Kirk Coningham, Australian Logistics Council (ALC) CEO, said the Council has been working with the NSW Government and other industry groups over the past day to rectify the impractical requirement for freight transport workers entering NSW from Victoria to self-isolate for 14 days.

“We are pleased that the NSW Government is now creating a new permit that will allow our industry’s workforce to continue delivering essential goods to communities without being forced into self-isolation,” he said in a statement.

On Wednesday 8 July, the Transport Workers’ Union (TWU) demanded answers from the NSW Government as truck drivers were being issued with 14-day isolation notices as they plan to cross the border from Victoria into NSW.

“Truck drivers are providing an essential critical service during this pandemic.

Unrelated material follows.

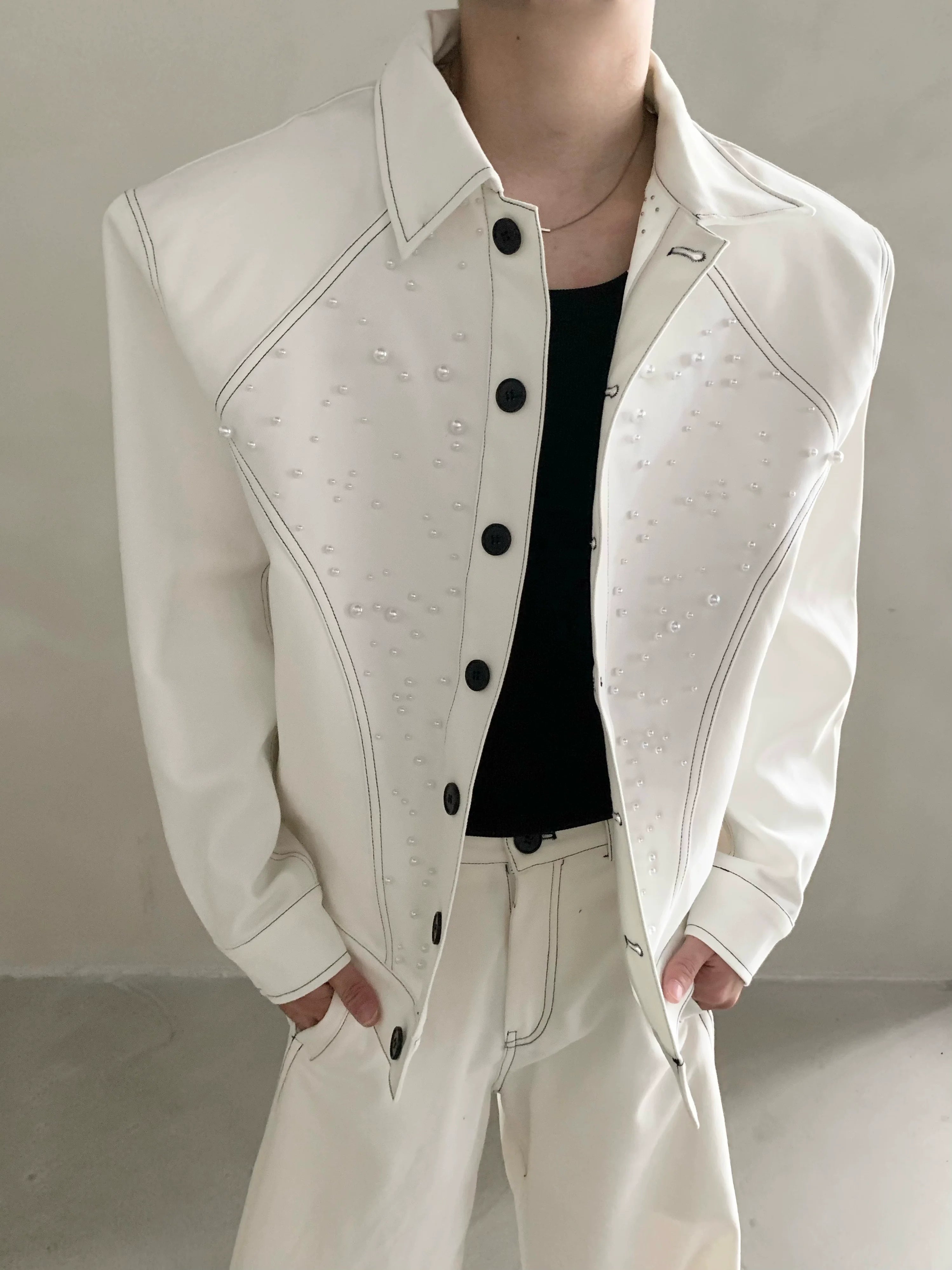 Niche high-end white shoulder padded jacket jacket men's autumn trousers suit minimalist style R003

They are delivering food, fuel and medicines. They are keeping the economy and businesses open by distributing goods across Australia,” John Berger, TWU Victoria Tasmania Branch Secretary stated on Wednesday.

Susie said Transport for NSW is asking freight operators to be conscious of the significantly increased health risk in Victoria and whilst all efforts are being made to ensure freight moves as efficiently as possible, “operators are encouraged to plan ahead as some delays may be experienced and to factor this into fatigue management plans”.

Dean Dalla Valle, Freight on Rail Group (FORG) of Australia Chair said Minister for Regional Transport and Roads Paul Toole strongly advocated within government for freight to flow freely across the Victorian-NSW border and “understood the logistical difficulty of forcing hundreds of train crews to self-isolate for 14-days each time they crossed the border on a freight delivery run”.

“A typical interstate goods train up to 1,500 metres in length can haul approximately 220 shipping containers, helping to significantly reduce the number of truck (and hence people) movements across state borders,” he said.

“Rail maintenance workers, terminal staff and safety compliance officers also need to regularly cross the Victorian-NSW border in cars to service and supervise essential freight train operations.” he said.

According to a statement from the Victorian and NSW agriculture ministers, both governments are working to ensure freight can flow across the border.

“We are working closely with our federal and New South Wales counterparts to ensure freight movements across the border can continue and our agricultural products can be delivered to market shelves across Victoria,” said Victorian Minister for Agriculture Jaclyn Symes.